I struggle with the words here because it seems crazy, but I miss the combat zone.

There is an intensity about it that I liked. It makes your life precious because it could be over in a heartbeat. The same is true of life here outside of the zone, but you're distracted by life. There, you focus on war.

There isn't a lot of talk except to discuss weapons or when you have to go out on patrol next and if you're carrying the SAW. You are mainly concerned with comfort, chow and your job.  Life is very basic. If you're alive it's good.

With technology and the outside world so accessible you would think that would help, but it doesn't, it detracts. You want nothing else in your life except the task at hand, surviving the war.

Survival is not as easy as it sounds because you could survive physically without a scratch, but you may not have survived at all mentally.

Yet the combat zone is addictive. I ran into numerous retired troops that could not stay away no matter what sort of trouble was going on at home. They needed to be in the zone. They needed the intensity and they craved the brotherhood.

Sunday, January 16, 2011

Afghanistan Through My Eyes - back in the world

I'm home and it's as quiet and wierd as I thought it would be.

In Dubai I met Matt from Albuquerque, my home town where this all began with my first hero, Ernie Pyle.

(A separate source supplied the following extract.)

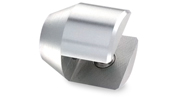 Wire Suspension Shelf Clip for 1/2&quot; Materials - 1&quot; Diameter | GWSASC500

He also knew of him and told me his own stories of war.

My last night in Afghanistan I had the pleasure of meeting Maryel Nixon and Mary Graham, both Army Specialists and both from San Diego. Two angels that caught my attention as they walk, sing and chatter like the teenagers they are. Recruited from highschool, Mary only 17, with the temtation of a tunarific special from Subway, which they never got.

I could not help but think of my two daughters and wonder what their thoughts were and explicitly how they dealt with the idea of death...true to innocence, they are ready for it. They believe, just as it should be for a troop, that dying for our country is honorable. True to the creed that soldiers and combatants both civilan and military have a callousness about life. They have the unfortuante capcity of the human race to suspend the normal revulsion to death.

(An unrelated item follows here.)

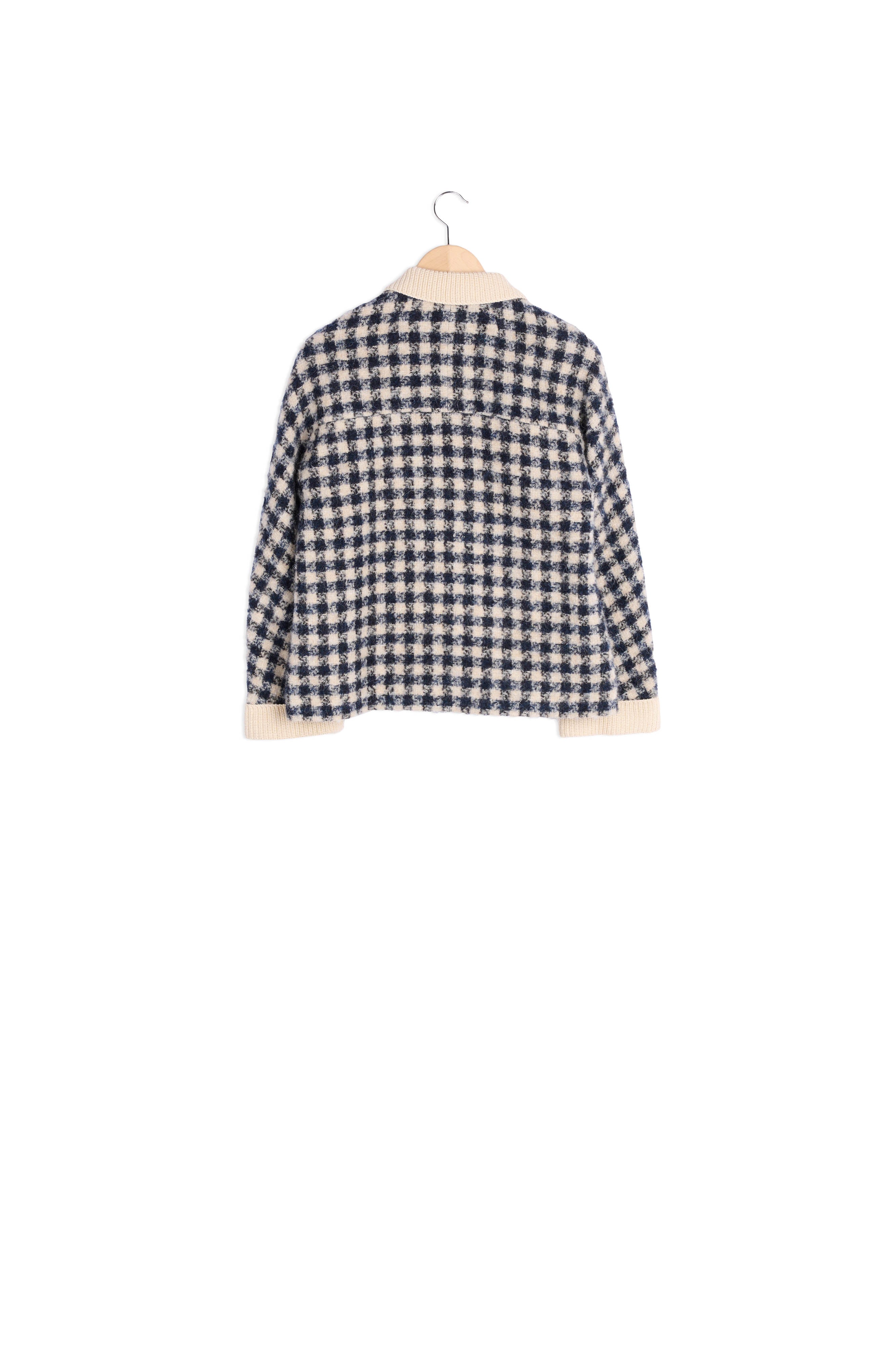 VOLDERS MANTEL Faume - seconde main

As I listen to the news in my now posh (in comparison to where I've been) living room I hear with concern about the deaths of civilians in southern Afghanistan from IED's. These are the devil stones of this country that will be maiming and killing for generations to come.

I will be posting some photos later. I took both digital and film, yes film...I felt the need to connect to my two heros of the past...hopefully I won't be disappointed with what images actually come through.

Afghanistan...I cannot wait to return.